Syria talks tough on Iraq

By Kim Ghattas     BBC correspondent in Damascus 

Syria has strongly denied channelling any military equipment to Iraq and accused the United States of trying justify the failures in the war against Iraq. All the country's state-controlled newspapers carried a foreign ministry statement rejecting the accusations by US Defence Secretary Donald Rumsfeld.

"He only brings problems for his country and humanity at large," the foreign ministry said.

"It is an absolutely unfounded, irresponsible statement, just like his statements that brought his country and the allied countries into a terrible, unnecessary war on Iraq."

On Friday, Mr Rumsfeld said the US had information that military equipment, including night vision goggles, had passed through Syria to Iraq.

"We consider such trafficking as hostile acts and will hold the Syrian government accountable for such shipments," Mr Rumsfeld said.

His comments came one day after an interview with the Syrian President, Bashar al-Assad, was published in the Lebanese newspaper, as-Safir, in which he said it was a possibility that Syria would be next on Washington's list.

Collision course

President Assad said he had warned Arab leaders at an Arab league meeting in Cairo that several Arab countries could be next.

"When I mention a number of Arab states, it is not logical to exclude Syria, which is the closest [to Iraq] and which has always been at the heart of the struggle against the invaders."

Mr Assad said there would be tough resistance against US troops in Iraq. "The United States may be able to occupy Iraq but it won't be able to control it," he said.

He warned the US would get bogged down in Iraq as it had in Vietnam, or would have to leave Iraq like it did Lebanon during the civil war, after a suicide attack on a US marine compound in Beirut which killed more than 200 troops.

"On positions where interests meet, the Americans are well with us," President Assad said.

"But on positions where interests differ, they want us to go along with them and we do not."

Certainly at the moment, the positions of Syria - the only Arab nation that is currently a member of the UN Security Council - and the US are very different and many analysts believe the two countries are on a collision course.

Syria has probably irked the US considerably by leading the opposition to the war on Iraq in the Arab world and doing so more and more actively.

During the Arab League summit in Cairo this month, Syria called on Arab countries not to lend any assistance to US troops in the region.
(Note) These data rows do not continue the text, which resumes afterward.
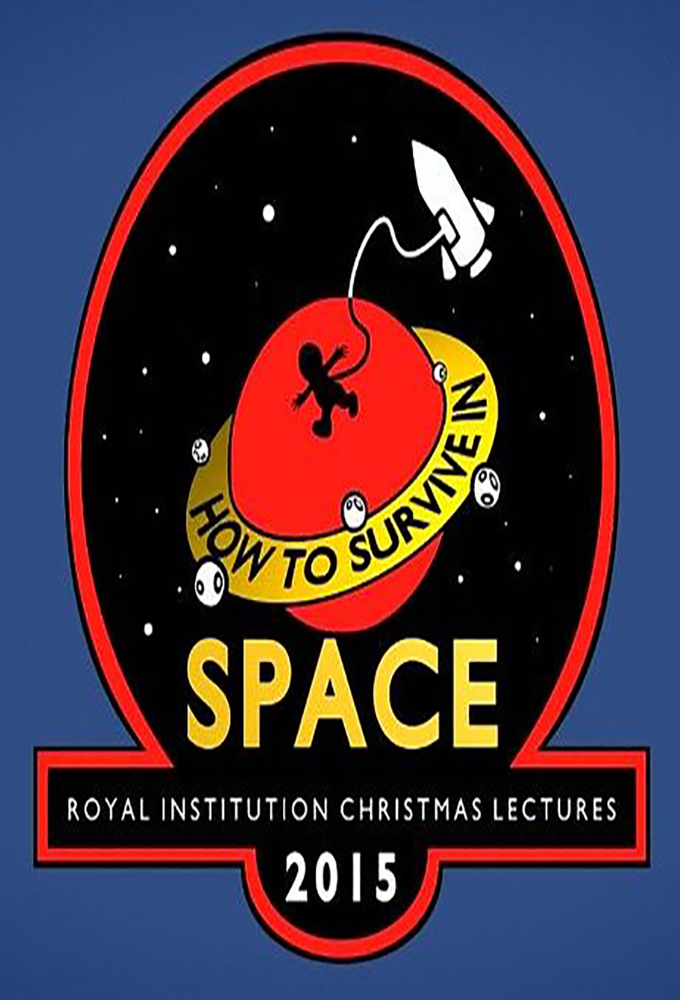 Royal Institution Christmas Lectures saison 2015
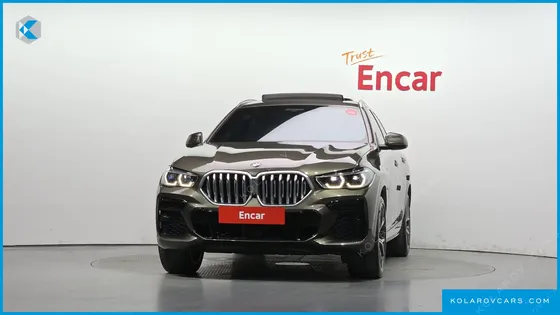 BMW X6 XDRIVE30D M SPORT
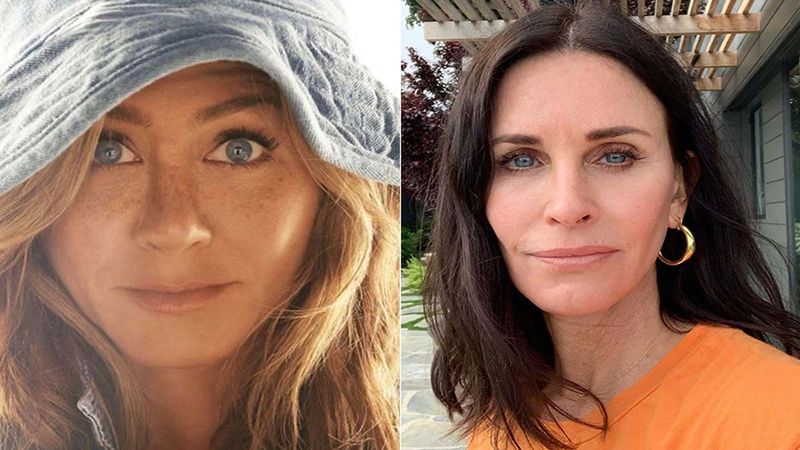 Jennifer Aniston And Courtney Cox's Friendship History: How The Duo Have Been BFFs From Weddings To Divorce To Kids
On Thursday, Syria's Grand mufti, Sheikh Ahmad Kaftaro called on Muslims to engage in a jihad against foreign troops in Iraq - a call that would not be issued without the tacit approval of the Syrian authorities.

Terrorism

Syria's ties with the US have been strained for a while.

Despite some co-operation between Damascus and Washington in the war against terrorism, Syria remains on the US State Department's list of terrorism-sponsoring states. Syria has refused to close down the Damascus offices of radical Palestinian groups such as Hamas and Islamic Jihad or withdraw its support for the Lebanese Hezbollah organisation.

The US views these groups as terrorist organisations, but Syria says they represent legitimate resistance against Israel.

However, the Syrian leadership's current position seems to have earned it the admiration of its people.

During anti-war demonstrations, more protesters in Damascus have been holding up pictures of the Syrian president than waving Iraqi flags.

And if other Arab leaders are being called traitors by the protesters, Bashar el Assad is an Arab hero.

"Our president is the conscience of the Arab world, he is the defender of the Arab nation, we trust only him to fight for our interests," said school teacher Thaer Abdulhamid during a recent protest on the streets of the Syrian capital.